Subduction zone under the western Pacific Ocean

The New Britain subduction zone is one of the most recently formed and most active subduction zones on Earth, producing great earthquakes (magnitude 8.1 or greater), with potential for tsunami hazard, and being associated with active volcanism, as part of the Pacific Ring of Fire. It has a close relationship to an area of subduction tectonic activity that extends south eastward from New Britain to the Vanuatu subduction zone, involving the northeastern portion of the Australian plate and its complicated collision dynamics with the southwestern portion of the Pacific plate.

==Geography==
The subduction zone is under the eastern part of New Guinea and the islands of New Britain and New Ireland, with associated volcanoes and volcanic seamounts being in the zone, and with the New Britain Trench marking the current subduction boundary. The trench is up to 9046 m deep.

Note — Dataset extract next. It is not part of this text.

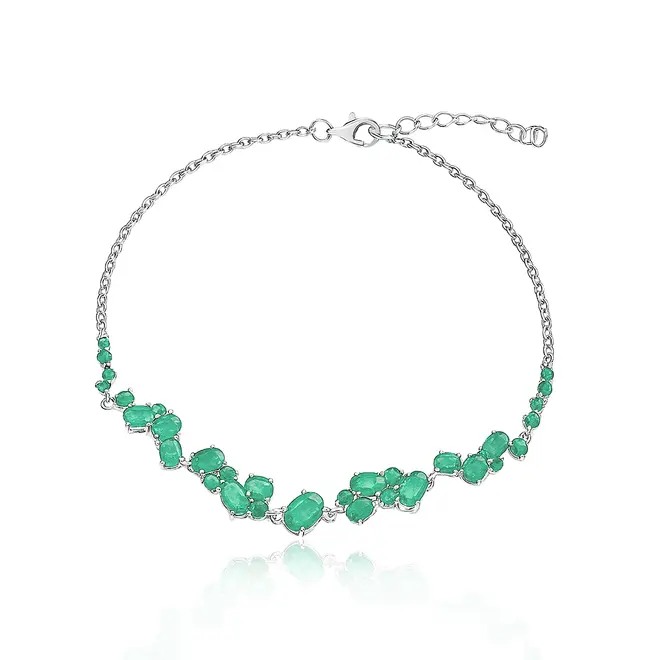 Conjunto Par de Brincos, Gargantilha e Pulseira de Prata com Esmeraldas 35 cts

To the zone's south east are the San Cristobal Trench (South Solomon Trench) and New Hebrides trenches with beyond them to the east the Solomon Islands and Vanuatu. Further away from the area of current subduction is most of New Guinea itself to the west and to the north and east, the now inactive ocean floor structures of the West Melanesian Trench (Melanesian Trench, Manus Trench), the North Solomon Trench and the Vityaz Trench .

===Geology===
The active Quaternary New Britain volcanic arc, has volcanic rock composition consistent with a highly depleted source magma from dehydrated oceanic crust with little sediment. The islands have Upper Eocene basement rocks of coralline limestone and volcanics overlain by Upper Oligocene volcaniclastic formations with plutonic intrusions. Carbonates overlay these and were deposited in the Early to Middle Miocene. Pleistocene to Holocene coral reefs fringe many of the islands. The Solomon Sea bottom is predominantly E-type MORB between 28 and 34 million years old and mudrocks.

====Tectonics====
The New Britain subduction zone is an example of polarity-reversal subduction initiation, where a new subduction zone is created in a back-arc region with the opposite direction of subduction to that previously operating between two major plates. The major plates in this case are the Australian and Pacific plates. However a number of minor plates, both active and now inactive (relic) have formed during the change in polarity. These presently active minor plates include the South Bismarck plate to the north of the New Britain subduction zone and the main subducting Solomon Sea plate and its adjacent to the east Trobriand plate. The rates of subduction and roll back are high and are currently for the New Britain Trench, a subduction velocity of 6.5–12.0 cm/year, a convergence velocity of 0.2–4.8 cm/year, and spreading deformation rate in its arc-back-
arc area of 1.0–7.4 cm/year.
In various parts of the trench there is up to 18 cm/year of trench roll back and 2.0 cm/year of trench advance.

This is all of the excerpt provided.